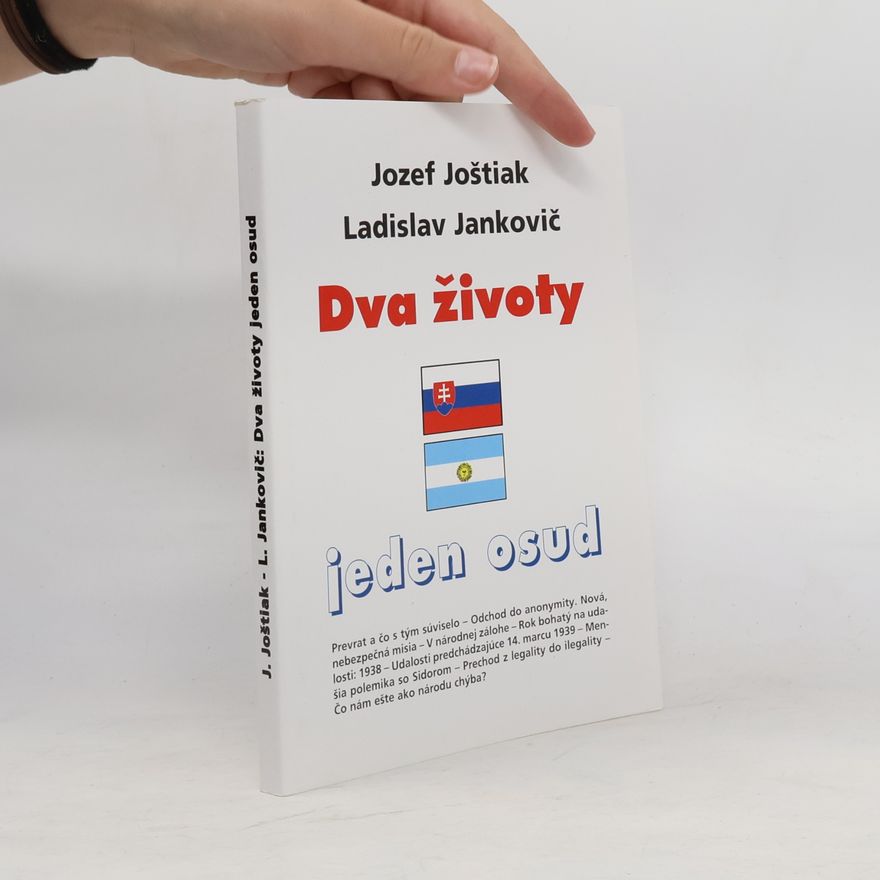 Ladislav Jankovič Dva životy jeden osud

---

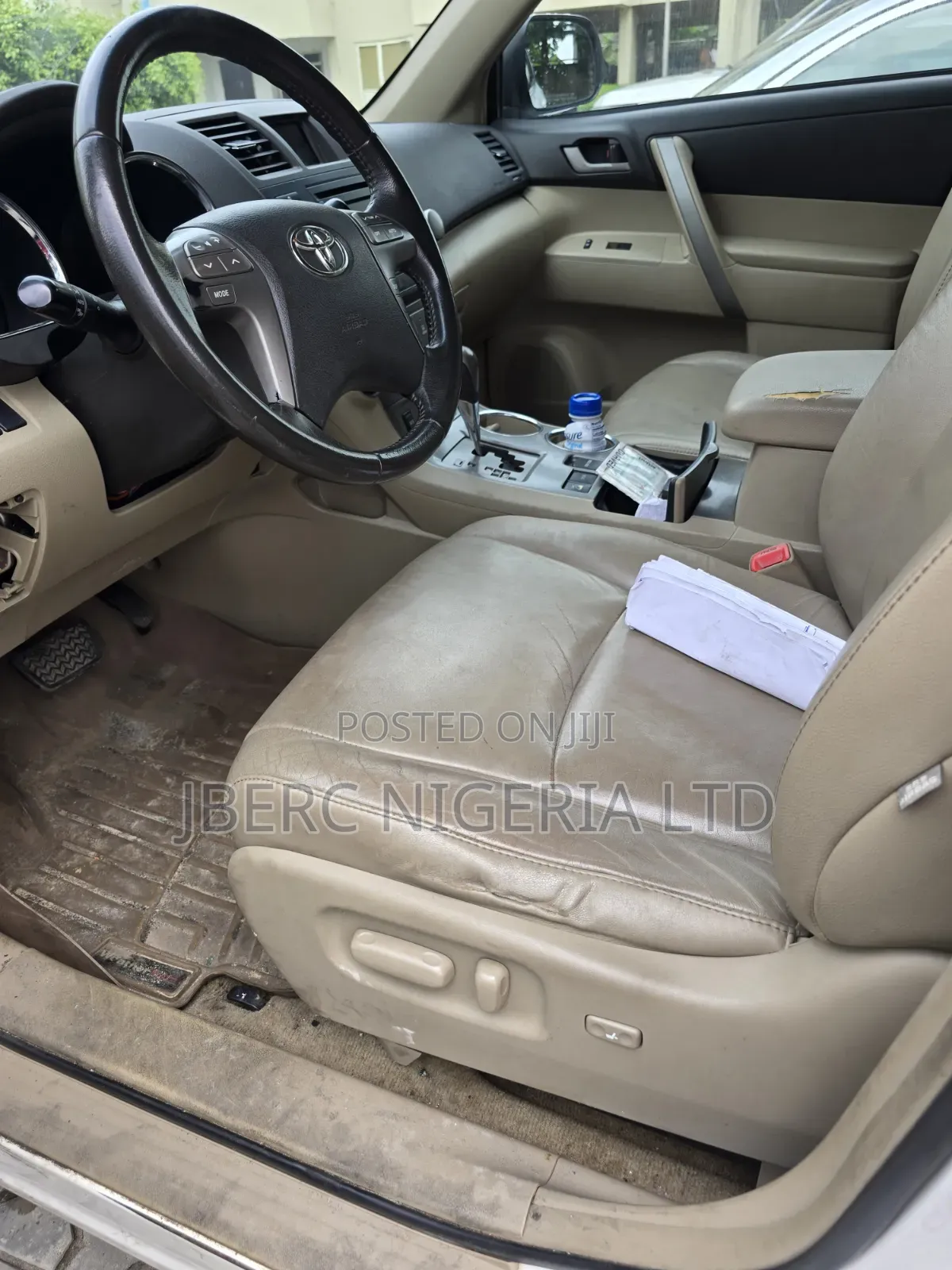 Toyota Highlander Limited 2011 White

==

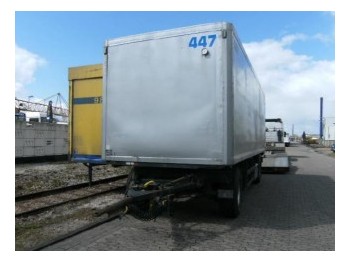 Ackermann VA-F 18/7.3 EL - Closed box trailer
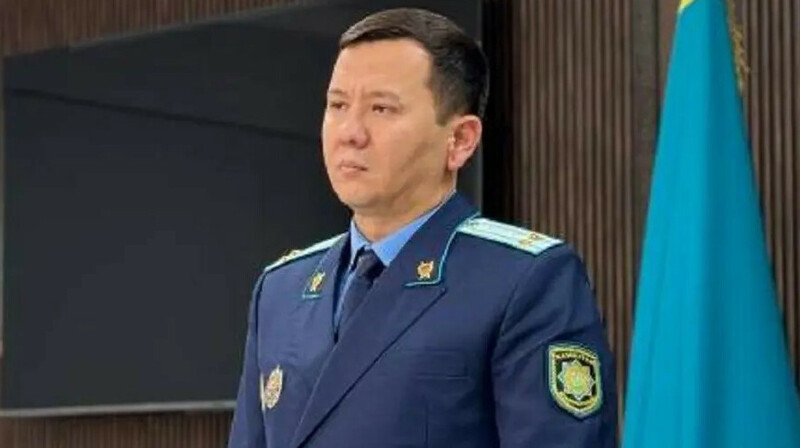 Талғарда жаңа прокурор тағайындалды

» EXERCISE DETAILS: Reproduce the lines above starting at the one with "Ackermann VA-F 18/7.3" and ending at the one with "Талғарда жаңа прокурор тағайындалды", both included, exactly and with no pictures.

» ANSWER AREA:
 Ackermann VA-F 18/7.3 EL - Closed box trailer
 Талғарда жаңа прокурор тағайындалды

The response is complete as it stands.